The flexible plan would provide longer instructional periods, fewer classes per day, a common lunch period and allow greater focus on academics.
“Schools that use this schedule absolutely love it,” Robertson said. “We had a fabulous committee and visited four different sites.” Those included Chatham, Berkeley Heights, Mendham and Ridgewood. “These places were hot. There’s an excitement in the air,” he said of the visits.
He explained that the revised schedule would be closer to the college experience and would be more stimulating for both teachers and students. Classes would rotate during different periods of the day and week. There would be six class periods a day, 59 minutes in length and a 45 minute common lunch period. Each class would meet three times in a four-day cycle.
He also praised the advantages of a common lunch, when everyone would eat between 10:52 and 11:37 a.m. He added, however, that guidance counselors and nurses would not be on that lunch schedule. But the common period means students could eat with their friends, have access to faculty and staff or meet with clubs and other activities. The auxiliary gym would be utilized, he said, with a tarp in place to protect the floor. Kiosks would be provided to augment the cafeteria service as well as other areas to sit and eat.
“This is a change that inspires everyone,” Robertson added. “People who’ve tried it have nothing but positive things to say. It provides variation. It’s not the same mundane schedule.” He acknowledged that students would probably adapt more easily than teachers and that they would experience less stress. “This is an opportunity for our teachers to rethink how they’re teaching,” Robertson said.
Questions came up from the public about study halls, sports, physical education and tutorials, among other issues.
One parent commended the committee, saying there are so many plans to choose from that committee she’s seen in other schools have “collapsed under their own weight.” She applauded the energy and critical thinking that went into the process.
The board unanimously supported the plan.
School Business Administrator Gary Lane provided a budget update. State aid has increased, he said, so the district is able to maintain academic and co-curricular activities. The sale of the Green Village Road School will provide a one-time revenue increase, which will be used for capital improvements. The operating budget is up 2.5 percent, he said, to $36,228. The tax levy would have a 2 percent increase. The budget must be submitted to the county for approval before coming back to the district for a vote.
Resident Steve Wells told the board how disappointed he was in the Madison Borough Council meeting Monday night and the removal of Ray Codey as borough administrator.

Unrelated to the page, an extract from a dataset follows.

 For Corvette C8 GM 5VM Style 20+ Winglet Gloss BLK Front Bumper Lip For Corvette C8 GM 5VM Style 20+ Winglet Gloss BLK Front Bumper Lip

“I’m beyond shocked,” he said. “It sends a lot of messages of the wrong type, of the kind of town we are.” He said he had “tremendous praise for Codey’s performance.
Somebody’s got to stand up and say when political conduct crosses the line. He was blindsided overnight.” Wells also made the point that relations between the borough and the school district have improved “and Codey was the glue that’s held this together.”